#!/usr/bin/env python3
# -*- coding: utf-8 -*-
"""
.. _PREDICT:
The PREDICT module enables making predictions on new data using a model previously built with the `sklearn` package and saved as a pickle file.
Here is an example of how to save a model as a pickle file:
.. code-block:: python
from sklearn import svm
from sklearn import datasets
import joblib
iris = datasets.load_iris()
X, y = iris.data, iris.target
clf = svm.SVC()
clf.fit(X, y)
joblib.dump(clf, "model.pkl")
The PREDICT module can be used with the following options:
- ``verbose``: Enable or disable verbose mode.
- ``timer``: Enable or disable the timer to record execution time.
- ``log``: Specify the path to a file for saving logs.
- ``new_log_file``: Create a new log file: if a log file with the same name already exists, it will be overwritten.
- ``inputFolder``: Specify the path to the input folder.
- ``outputFolder``: Specify the path to the output folder.
- ``modelFolder``: Specify the path with data from a previously built model (optional, to use with mode: `External`)

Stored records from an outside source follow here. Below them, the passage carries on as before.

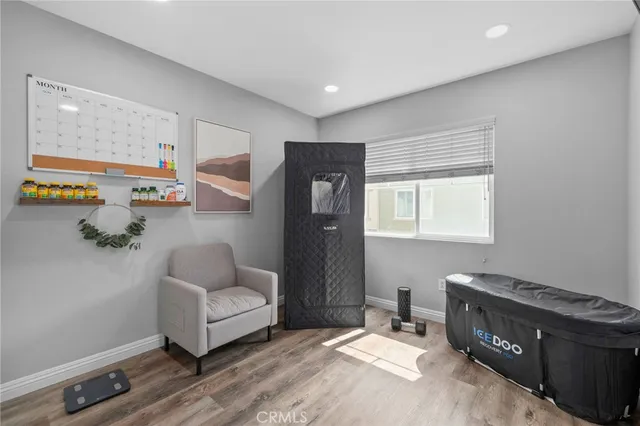 a bedroom with furniture and a window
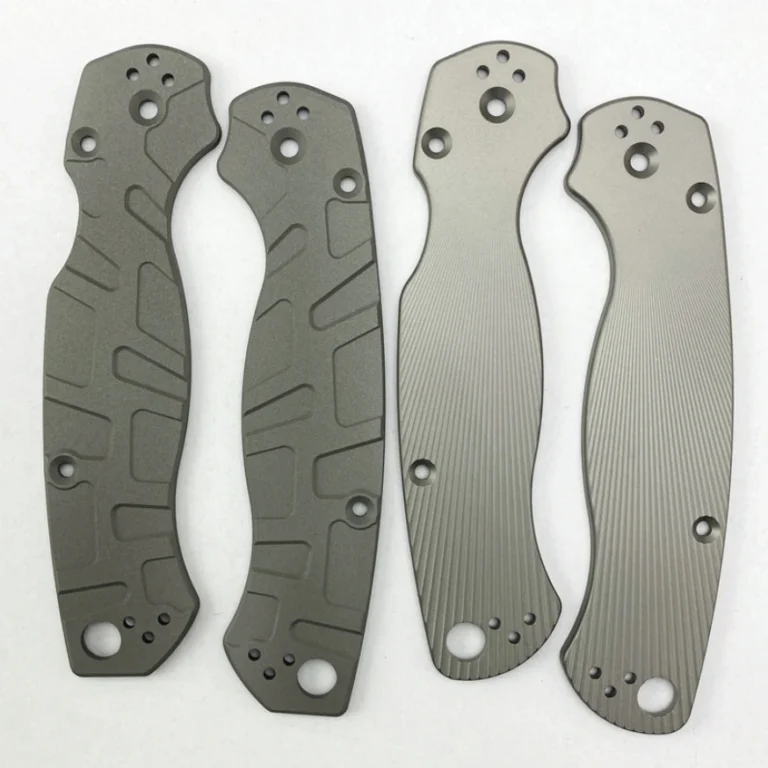 Four gray handle scales showing two surface patterns, geometric grooves and fine parallel grooves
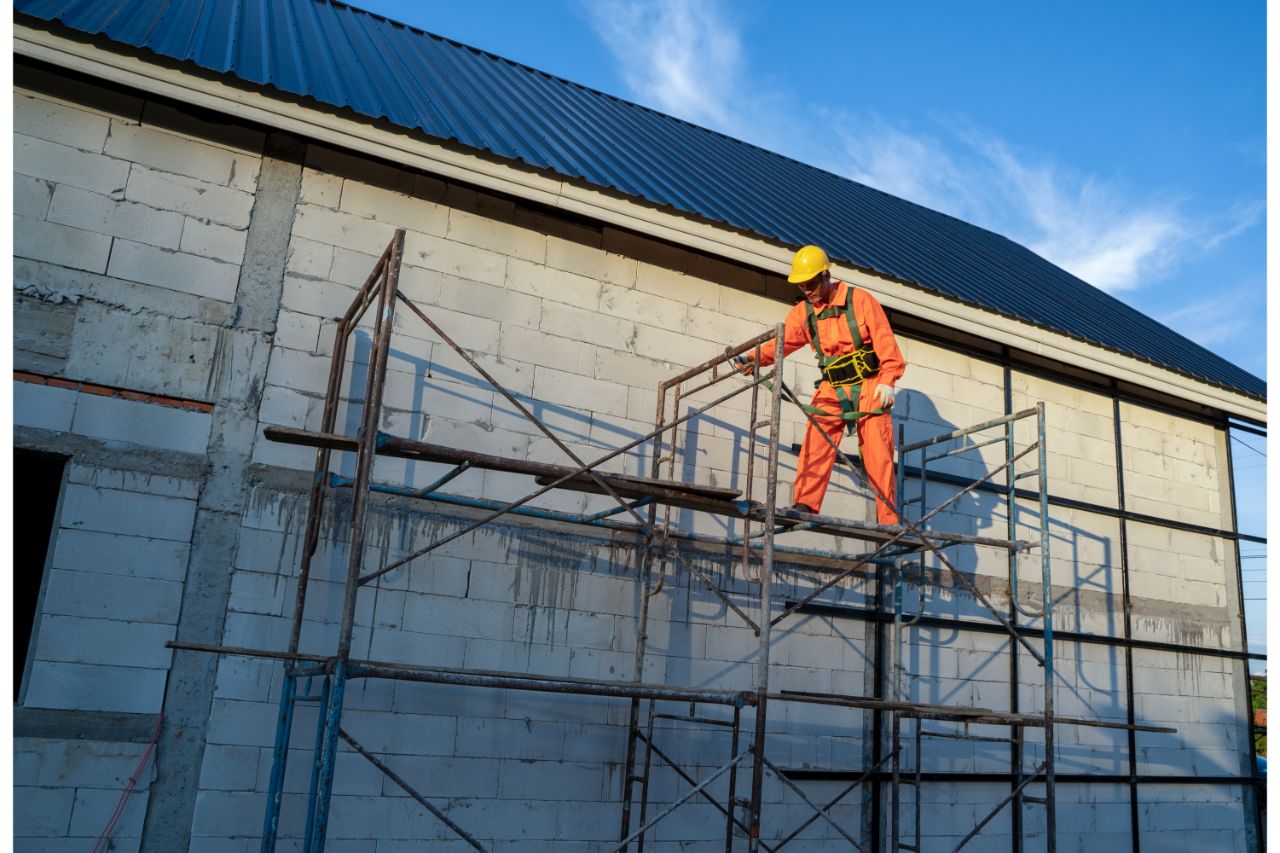 Working installing new roof at construction site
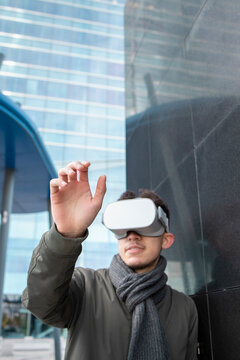Young man gesturing while watching on VR box by black wall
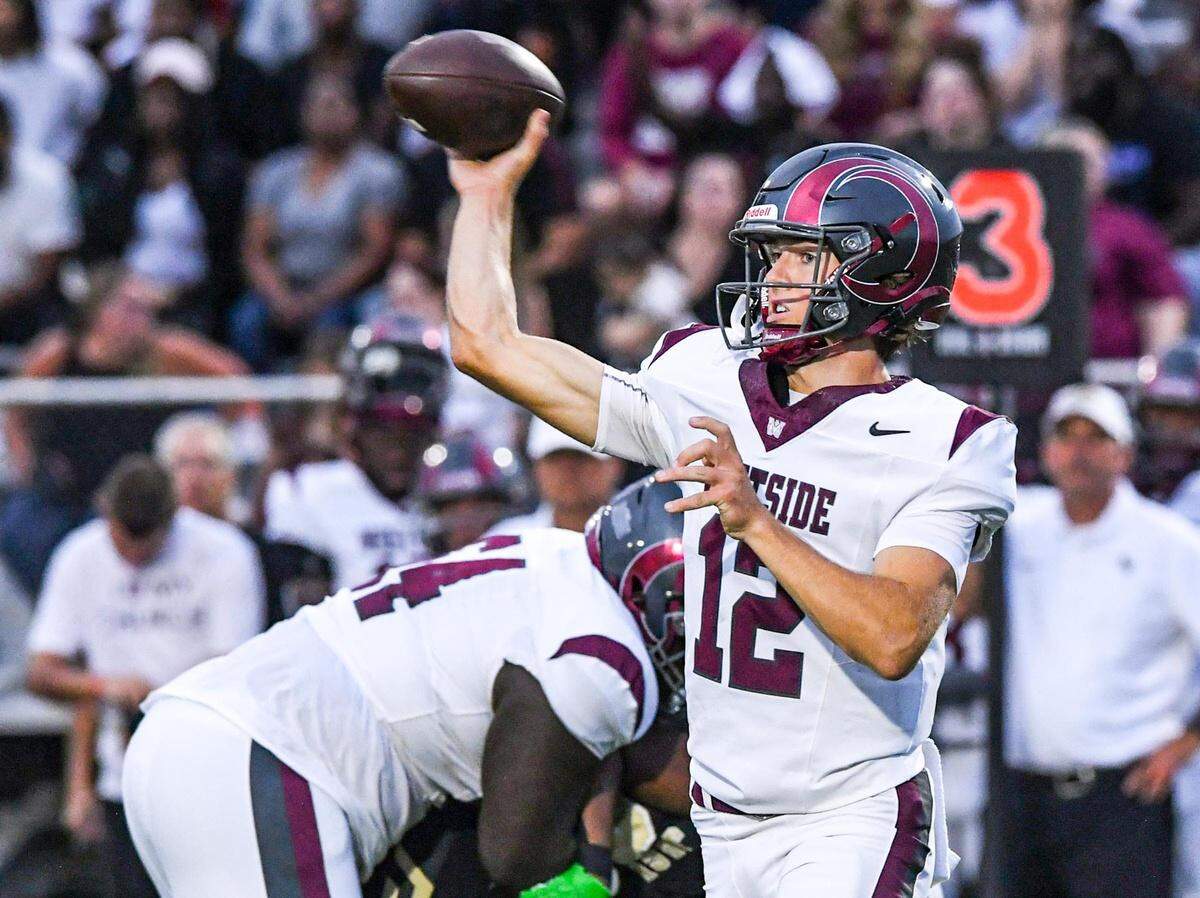Westside High senior quarterback Cutter Woods (12) throws during the first quarter at T.L. Hanna High in Anderson, S.C. Friday, September 6, 2024.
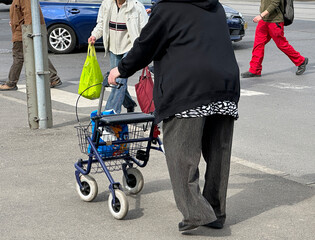 Senior woman with a walker on the street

- ``radiomics_filename``: Specify the name of the Excel file with the radiomics results.
- ``model_filename``: Specify the name of the pickle file with the model.
- ``predict_filename``: Specify the name of the Excel file where predictions will be saved.
Here is an example of how to use the PREDICT module:
.. code-block:: bash
PREDICT
{
inputFolder: /path/to/radiomics_results
# No output folder specified: save output in the input folder
modelFolder: /path/to/radiomics_model
radiomics_filename: radiomics.xlsx
model_filename: model.pkl
predict_filename: predict.xlsx
log: /path/to/logs/predict.log
}
In this example:
- **inputFolder**: Specifies the folder containing radiomics results for prediction.
- **modelFolder**: Specifies the folder containing the pre-trained model.
- **radiomics_filename**: Specifies the Excel file containing the radiomics features for prediction.
- **model_filename**: Specifies the pickle file containing the saved model.
- **predict_filename**: Specifies the Excel file where predictions will be saved.
- **log**: Specifies a path for the log file.
"""
# Make predictions on new data using a pre-trained sklearn model.
#
# Usage:
# predict.py -i <inputFolder> --radiomicsFile <radiomics excel file> -m <modelFolder> --modelFile <model.pkl>
#
# Options:
# -h, --help Show this help message and exit
# -v, --verbose Enable verbose output (default: False)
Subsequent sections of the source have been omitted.